Records supplied —
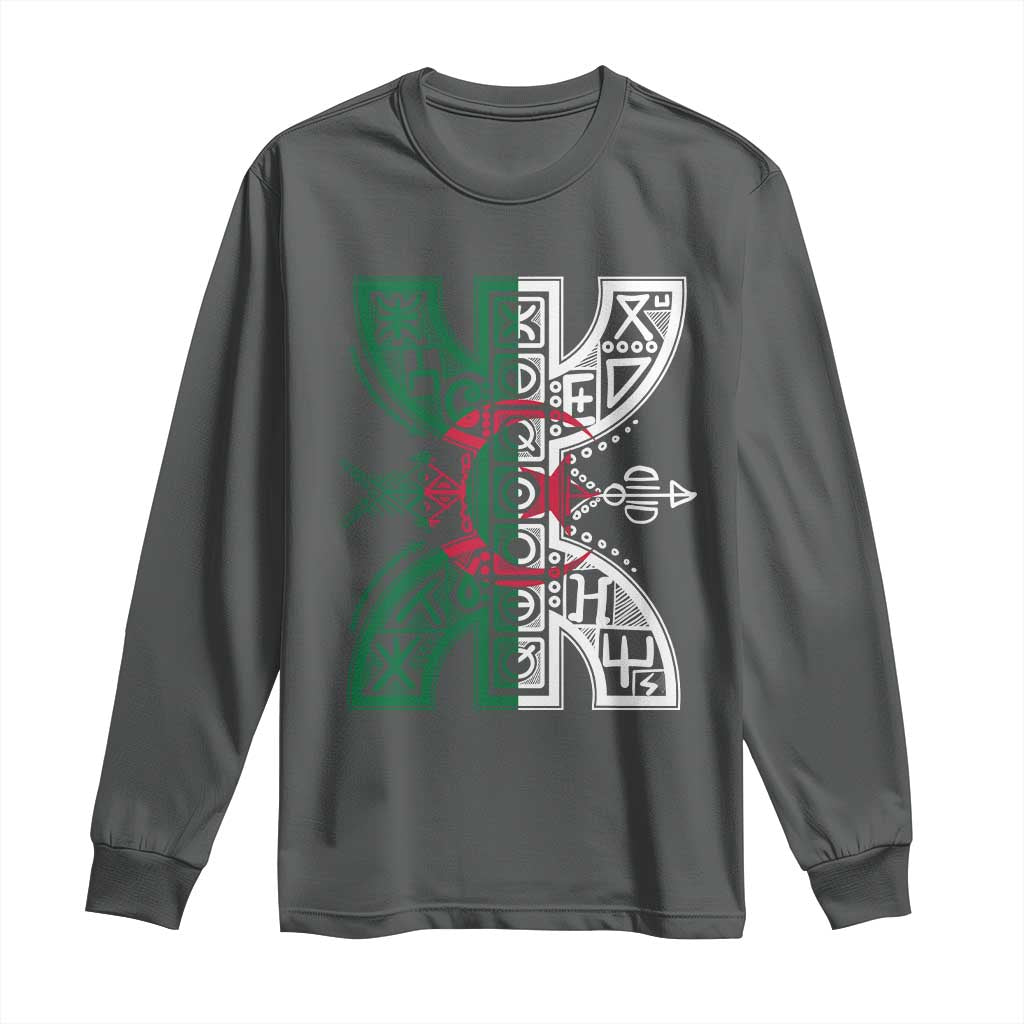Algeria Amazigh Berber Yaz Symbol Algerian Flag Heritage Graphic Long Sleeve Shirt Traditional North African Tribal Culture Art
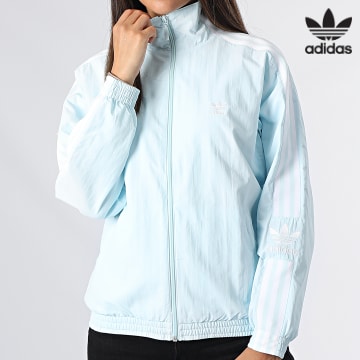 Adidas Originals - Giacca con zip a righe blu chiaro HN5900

* * *

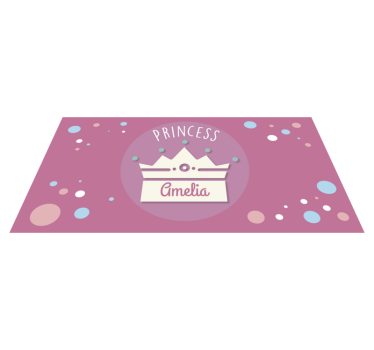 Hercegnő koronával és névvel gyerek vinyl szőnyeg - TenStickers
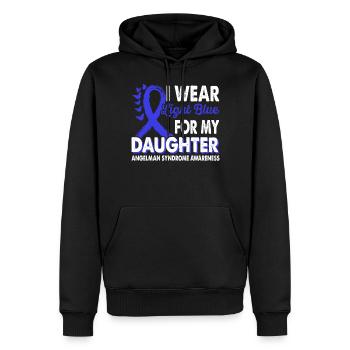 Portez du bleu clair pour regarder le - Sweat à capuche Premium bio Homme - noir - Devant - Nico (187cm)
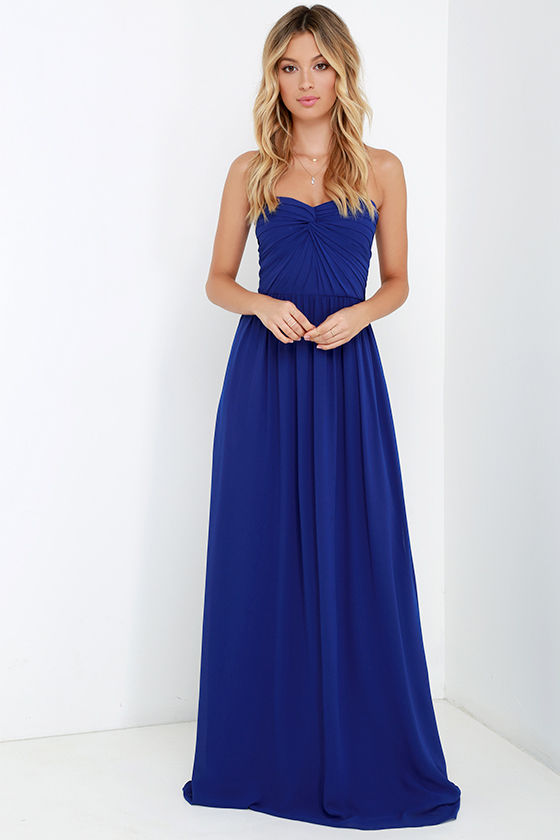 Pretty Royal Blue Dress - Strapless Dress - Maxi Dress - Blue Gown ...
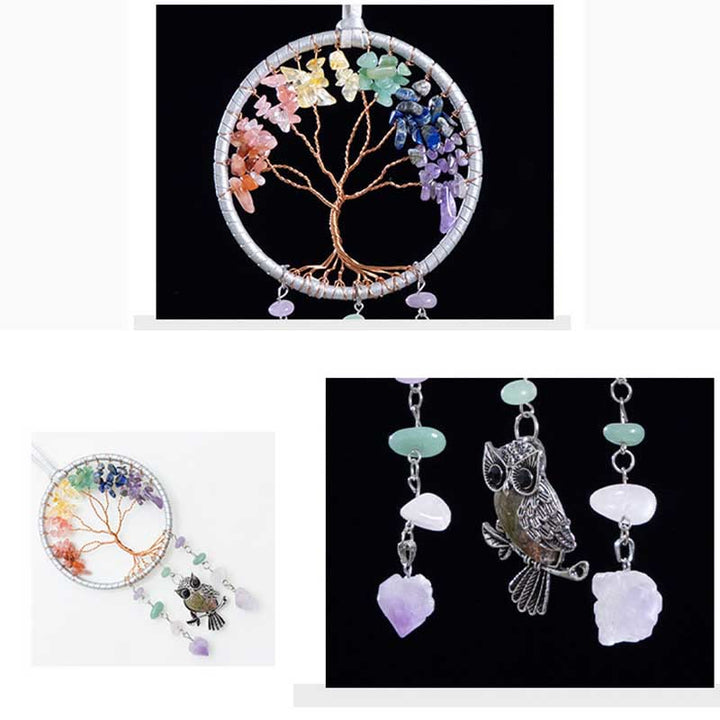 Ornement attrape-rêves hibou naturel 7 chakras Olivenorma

--

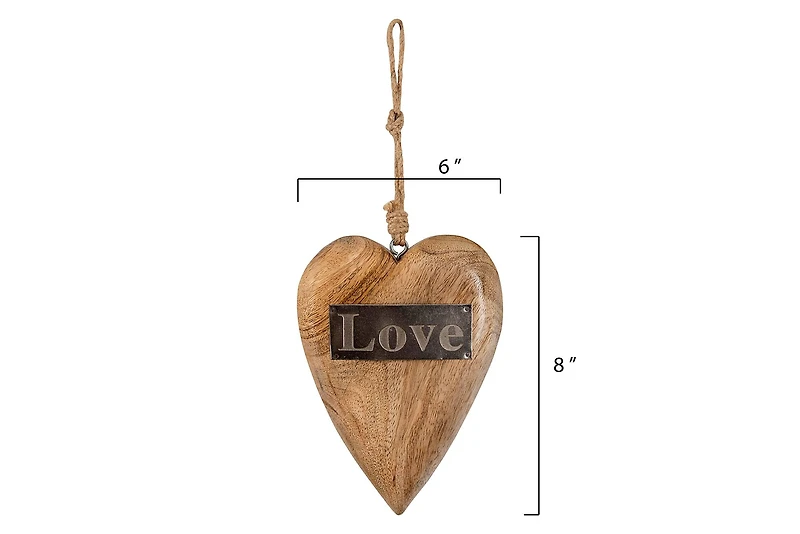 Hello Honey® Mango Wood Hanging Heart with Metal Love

Exercise directions — Print, word for word, the lines above that run from the line containing "Algeria Amazigh Berber" to the line containing "Adidas Originals - Giacca", both included. Keep the pictures out.

Exercise response —
Algeria Amazigh Berber Yaz Symbol Algerian Flag Heritage Graphic Long Sleeve Shirt Traditional North African Tribal Culture Art
 Adidas Originals - Giacca con zip a righe blu chiaro HN5900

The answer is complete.